Dataset records>
↓

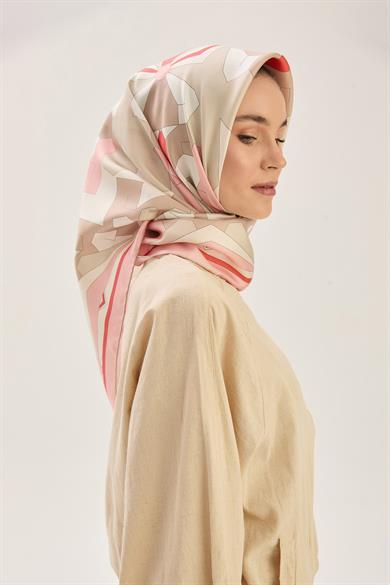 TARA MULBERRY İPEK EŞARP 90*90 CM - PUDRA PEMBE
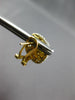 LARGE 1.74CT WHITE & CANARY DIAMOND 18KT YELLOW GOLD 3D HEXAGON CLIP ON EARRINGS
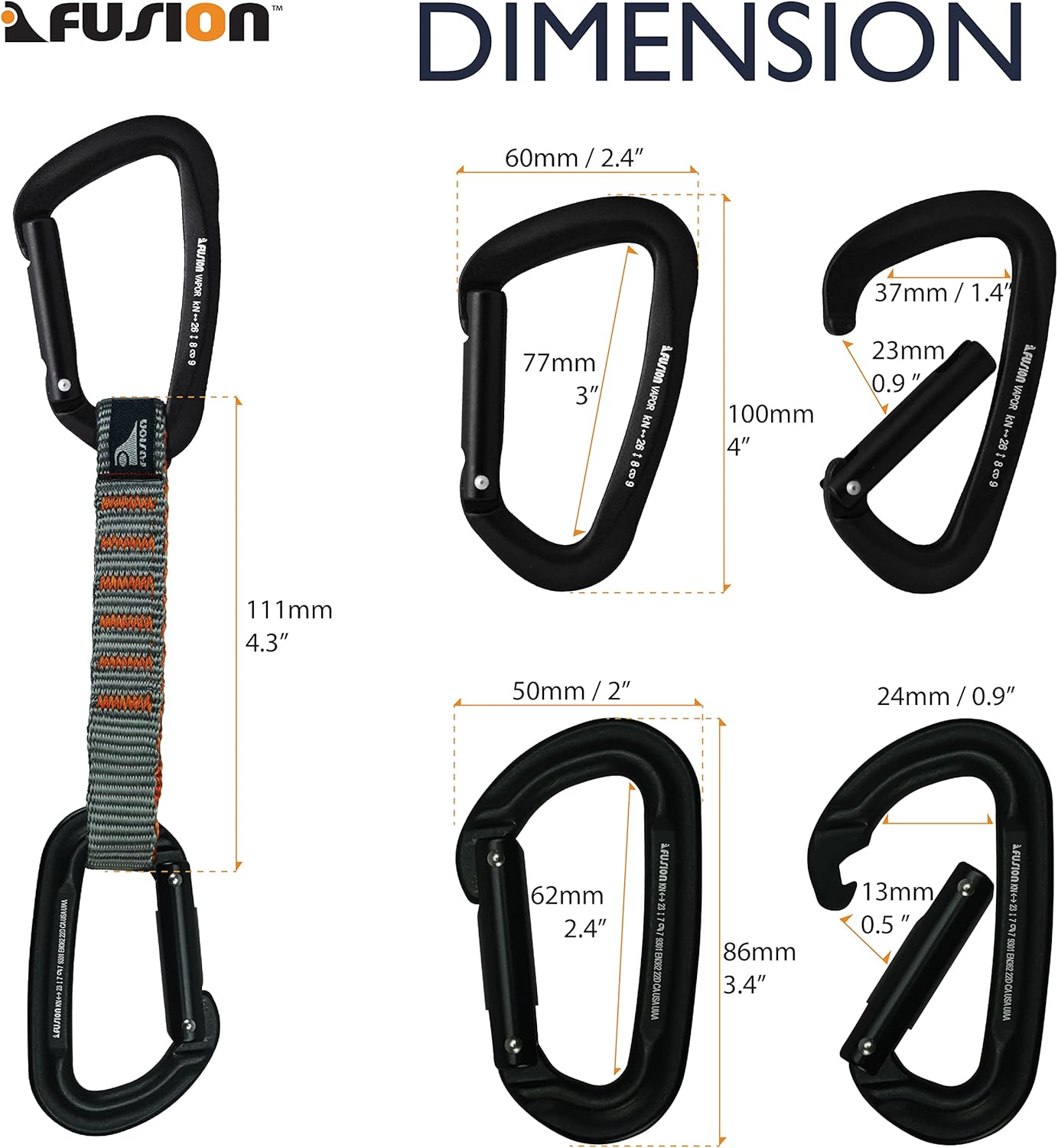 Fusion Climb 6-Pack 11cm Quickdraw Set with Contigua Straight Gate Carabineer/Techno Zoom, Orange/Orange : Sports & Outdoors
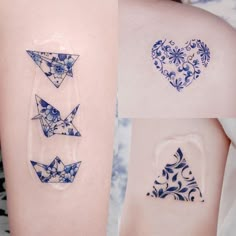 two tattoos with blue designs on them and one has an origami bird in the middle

↑
↓

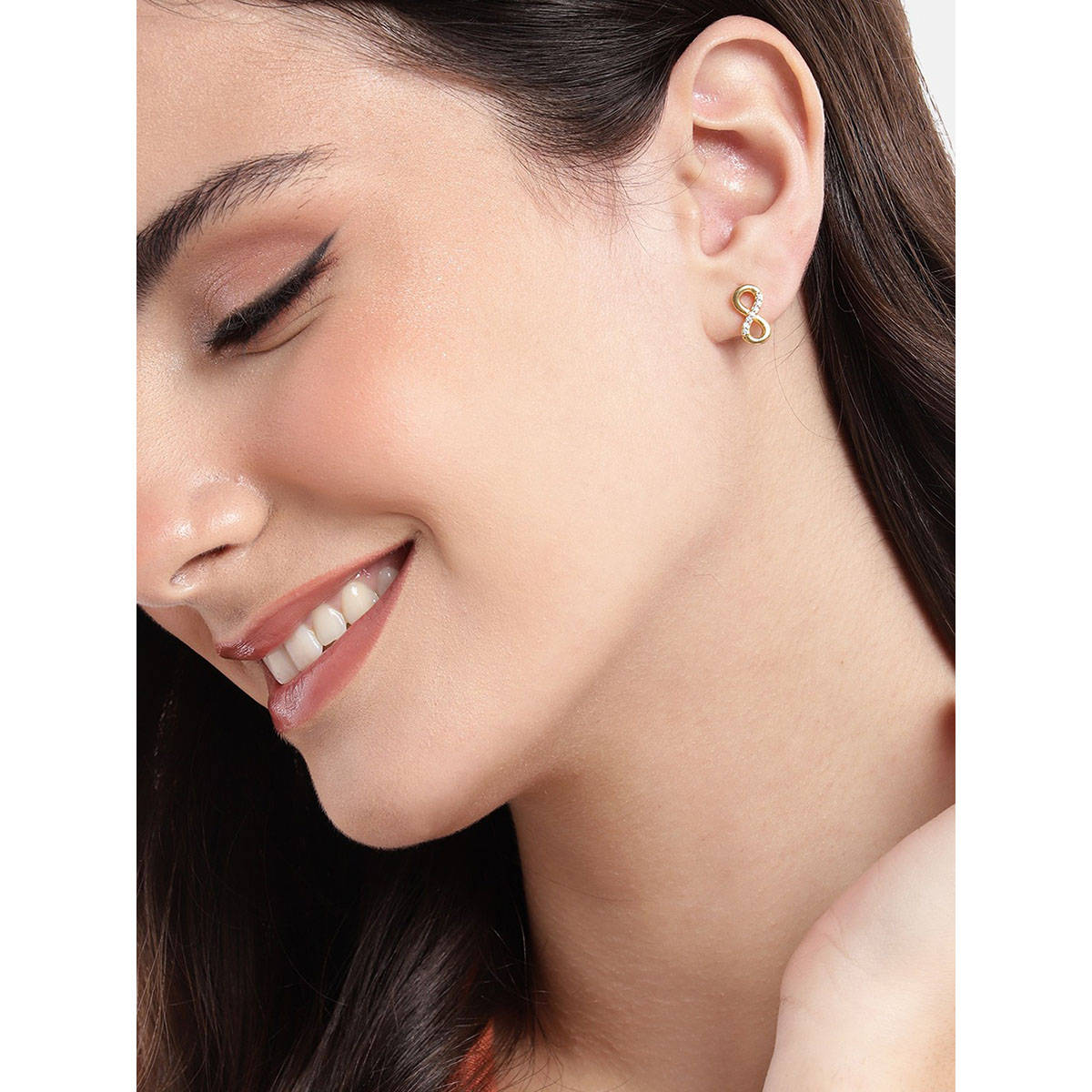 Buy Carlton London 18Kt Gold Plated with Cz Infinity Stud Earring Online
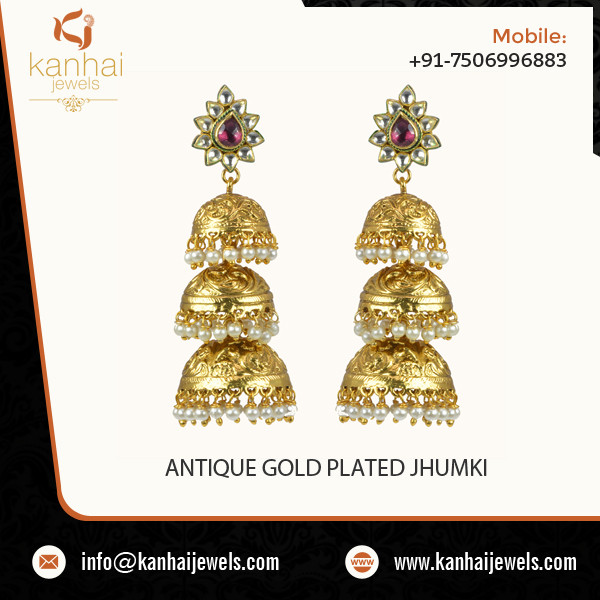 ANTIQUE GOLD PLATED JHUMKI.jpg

↑

Task instructions> Here the job is to copy the listing above word for word, starting at the line with "TARA MULBERRY İPEK" and ending at the line with "two tattoos with", and to leave out the pictures.

Reply to the task>
 TARA MULBERRY İPEK EŞARP 90*90 CM - PUDRA PEMBE
 LARGE 1.74CT WHITE & CANARY DIAMOND 18KT YELLOW GOLD 3D HEXAGON CLIP ON EARRINGS
 Fusion Climb 6-Pack 11cm Quickdraw Set with Contigua Straight Gate Carabineer/Techno Zoom, Orange/Orange : Sports & Outdoors
 two tattoos with blue designs on them and one has an origami bird in the middle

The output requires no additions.